What's it like to say goodbye to this character and that special sauce?
On the one hand, my rational adult self understands that this is the end. This is it. The other part of me is so sad! I was lucky enough to be the last shot for the end of Barry. I'm in a room, I walk through the door, and the entire crew was there. Bill gave me a hug, and he whispered in my ear: "Thank you for being such a great collaborator." And my heart flew out of my body.
That was something I wanted to ask about. Your last day on set was the very last day of production?
Yeah. And I talked to the crew and I thanked them because they are the other half of the circle. There are the actors, and then there is the crew. Without them, without their support, you wouldn't be filmed or lit on set or dressed. Or you wouldn't eat.
It's the same with the audience. If they don't come and join that circle with me, we are off the air. Without the audience, you can have a great idea… and then you go home and have a salami sandwich.
The final season involves a pretty major time jump, where we check in with Cousineau years in the future. What was your reaction when you first read those scripts?
I went back and read it again. [Laughs] There were whole scenes that unfortunately were cut, but I built houses on a kibbutz. Who thinks of that? "Yeah, let's send him to a kibbutz in Israel! He'll go build houses!"
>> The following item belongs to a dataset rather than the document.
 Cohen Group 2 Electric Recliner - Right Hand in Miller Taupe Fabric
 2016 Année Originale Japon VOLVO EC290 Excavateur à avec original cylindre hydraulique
I love the idea that Cousineau finally tries to do the right thing, but he ultimately can't resist the promise of fame — or of Daniel Day-Lewis playing him in a movie. What did you find interesting about that arc?
There are two things: One is that we go out the door we came in. Two, my metaphor that came to me is that [Cousineau] is like an insect that skirts across the top of the water. I never really get wet. I finally fly out of a well and sit in the sun on the stone at the top of a well. But then, my wing breaks and I fall off the stone back into the water. And I'm not sure if I have drowned or not.
So, if Daniel Day-Lewis is Gene Cousineau's dream casting—
Henry Winkler would also love to meet Daniel Day-Lewis, let alone this a--hole! [Laughs]
That was my question! Who would you cast as Henry Winkler in the movie of your life?
I like that.
I like that too. I met him twice. He is wonderful. He's delightful, and he's wonderful on the screen, in a good movie or not. You can't ask for more than that.
I'm curious: When you think about saying goodbye to Barry, what's been the biggest takeaway from making this show for the last five years?
I have become a better actor. I have. I'm getting closer to the actor I dreamt about being when I was doing the Fonz. Some of my idols in acting are Jack Nicholson and Anthony Hopkins, where there's no distance between their soul and their character. You can't even put a sheet of paper between the two. There is something so magnificent about that. And I have been working to try to get there.